FINAL REMARKS

Addressing the needs that became clear during the course of this study, mitigating the risks identified, and answering outstanding questions—most of which boil down to matters of risk tolerance and management—require the nation’s public policy makers to formulate a national response strategy to the globalization of MSE R&D. The recommendations in this chapter provide a framework for a robust strategy that will assure a positive impact and outcome for the United States and the nation’s continued access to current MSE R&D. The framework is based on a series of initiatives that will benchmark MSE R&D in the United States, define the MSE R&D challenges and opportunities in meeting 21st century national security needs, manage an IP regulatory framework that supports U.S. MSE innovation in a globalized environment, and build a national infrastructure to support a global role for the United States. The challenge here is multidimensional and intrinsically interconnected across many agencies within the federal government.

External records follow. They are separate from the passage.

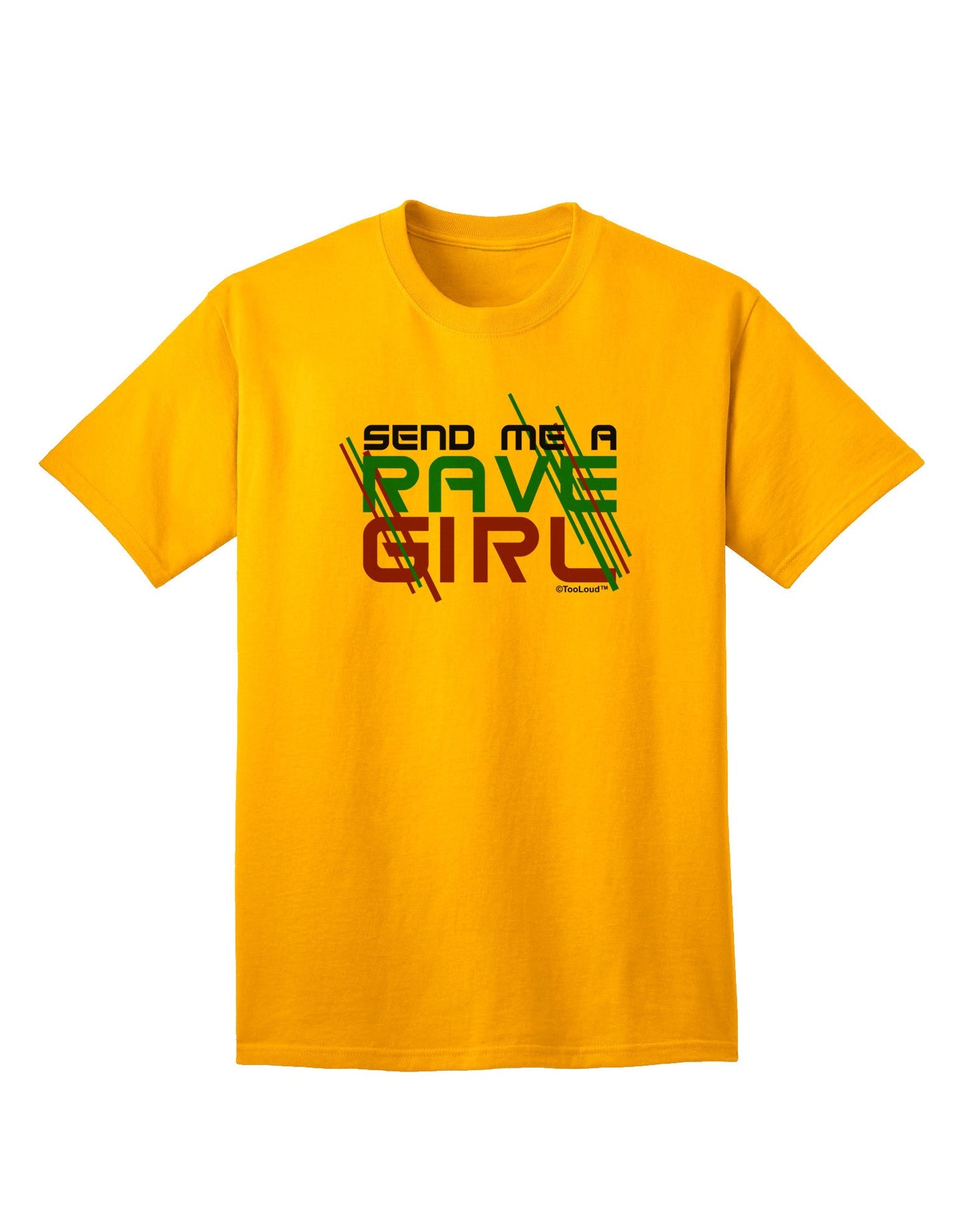 Send Me A Rave Girl Adult T-Shirt-Mens T-Shirt-TooLoud-Gold-Small-Davson Sales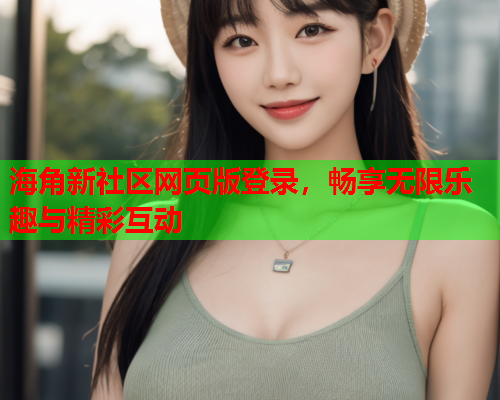 海角新社区网页版登录，畅享无限乐趣与精彩互动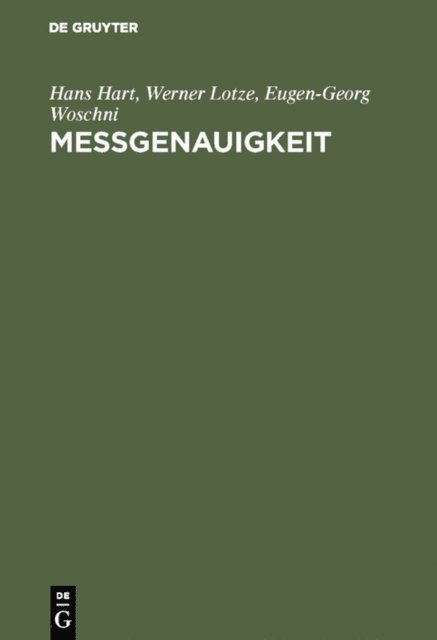 Eugen-Georg Woschni, Werner Lotze, Hans Hart - Meßgenauigkeit, E-bok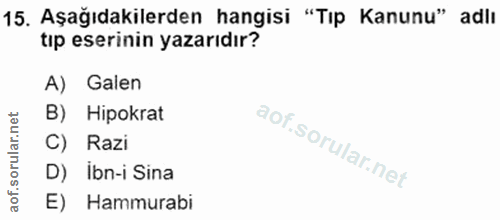 15. soru: Aşağıdakilerden hangisi "Tıp Kanunu" adlı tip eserinin yazarıdır? A) Galen B) Hipokrat C) Razi D) Ibn-i Sina E) Hammu…
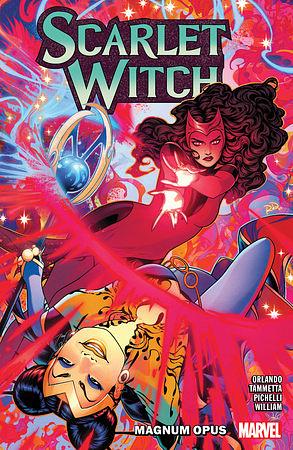 Scarlet Witch Vol. 2: Magnum Opus by Steve Orlando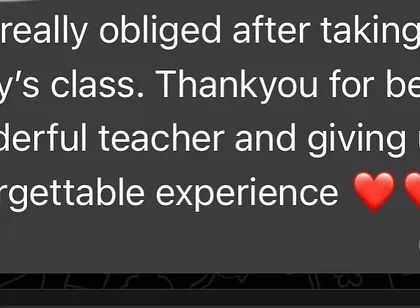 "Thankyou for being a wonderful teacher and giving us an unforgettable experience." I feel so obliged and grateful to be able to guide my students on their fitness journey.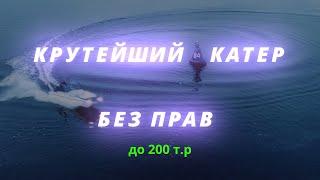 БЮДЖЕТНЫЙ КАТЕР без ПРАВ И РЕГИСТРАЦИИ ГИМС !!!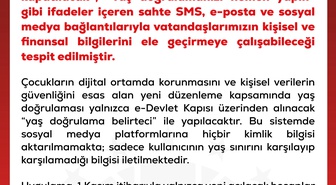 DMM, yaş doğrulamada sahte mesajlara karşı uyardı; doğrulama e-Devlet'ten yapılacak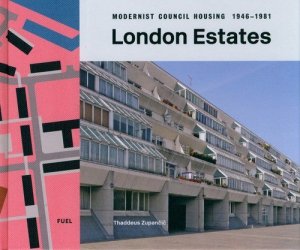 London Estates: Modernist Council Housing 1946-1981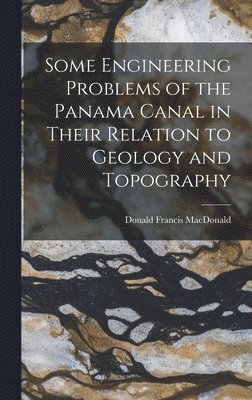 bokomslag Some Engineering Problems of the Panama Canal in Their Relation to Geology and Topography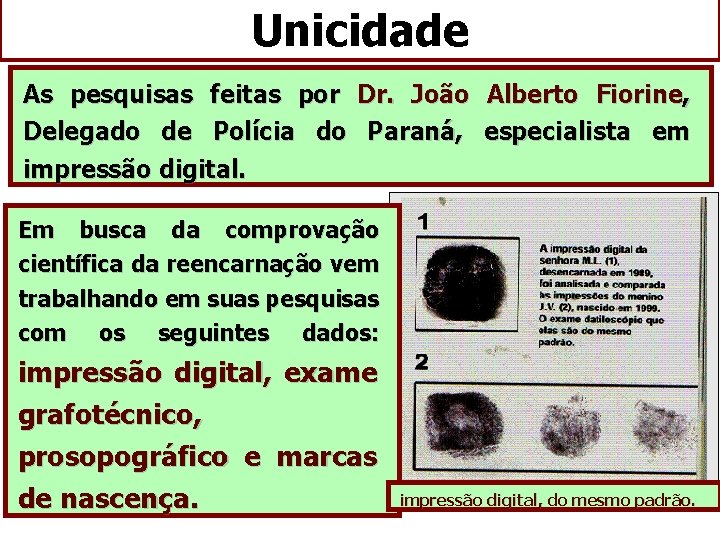 Unicidade As pesquisas feitas por Dr. João Alberto Fiorine, Delegado de Polícia do Paraná,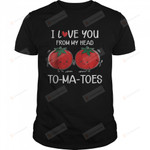 I Love You From My Head Tomatoes Valentine’s Day T-Shirt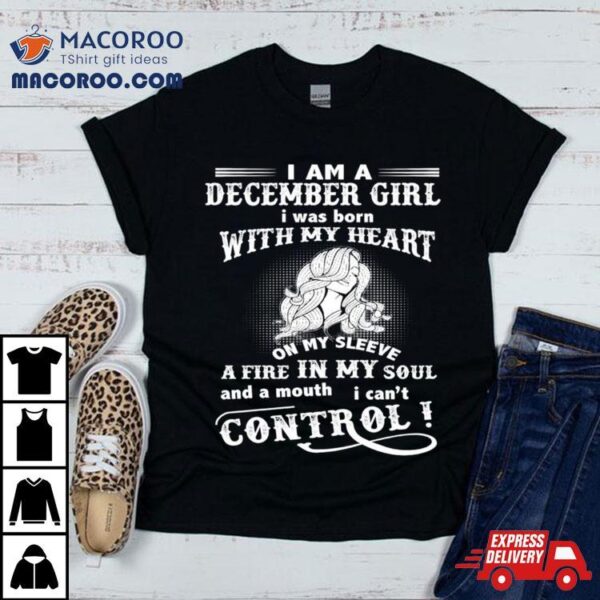 I Am A December Girl Born With My Heart Fire In My Soul Shirt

In closing it is worth noting that the President’s mandate for defense transformation is to “challenge the status quo and envision a new architecture of American defense for decades to come.” In addition, the White House’s Office of Management and Budget has identified R&D for homeland and national security as a presidential priority. Number five of the top five priorities of the DOD Office of Force Transformation is to “discover, create, or cause to be created new military capabilities to broaden the capabilities base and to mitigate risk.” Achieving these goals will require each sector—that is, government, industry, and academia—to actively manage by means of a well-defined strategy its participation in the increasingly global research and development theater.